Source data:
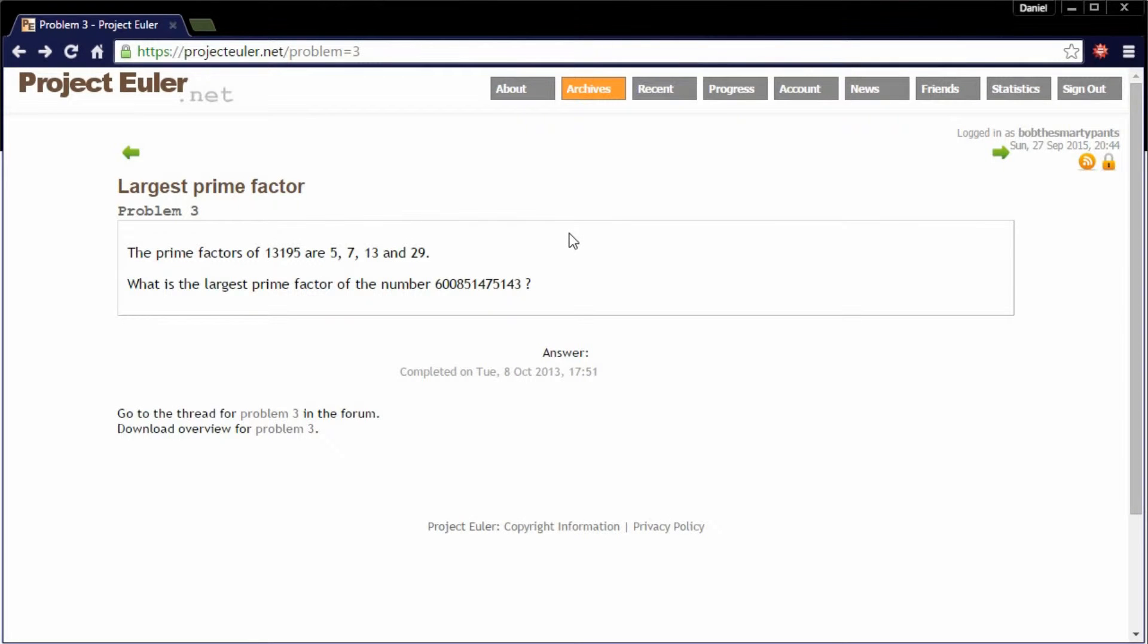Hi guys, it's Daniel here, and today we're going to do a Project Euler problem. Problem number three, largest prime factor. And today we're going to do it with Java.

--

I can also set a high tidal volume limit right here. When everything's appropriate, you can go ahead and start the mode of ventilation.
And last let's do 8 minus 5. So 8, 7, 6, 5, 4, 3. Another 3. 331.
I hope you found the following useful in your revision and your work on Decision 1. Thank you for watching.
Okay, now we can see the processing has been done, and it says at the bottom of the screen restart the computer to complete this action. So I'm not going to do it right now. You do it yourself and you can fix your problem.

---

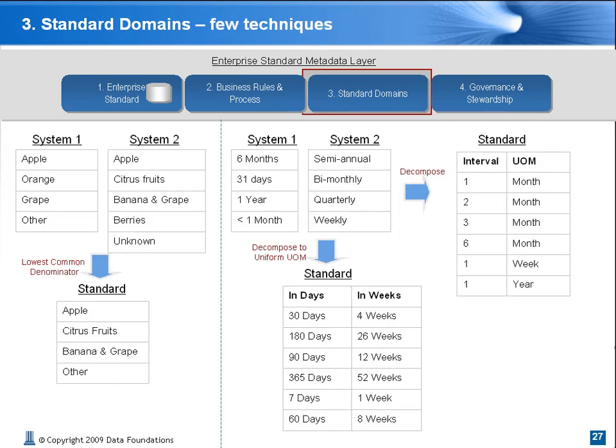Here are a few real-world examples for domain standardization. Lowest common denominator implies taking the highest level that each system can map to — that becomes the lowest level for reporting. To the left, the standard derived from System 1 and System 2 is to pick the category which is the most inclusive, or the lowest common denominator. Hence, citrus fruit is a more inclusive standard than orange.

Try it:
Taking the entries above, write out exactly the lines starting with the line containing "I hope you found" and going on through the line containing "Okay, now we", both included, and nothing else.

Your response:
I hope you found the following useful in your revision and your work on Decision 1. Thank you for watching.
Okay, now we can see the processing has been done, and it says at the bottom of the screen restart the computer to complete this action. So I'm not going to do it right now. You do it yourself and you can fix your problem.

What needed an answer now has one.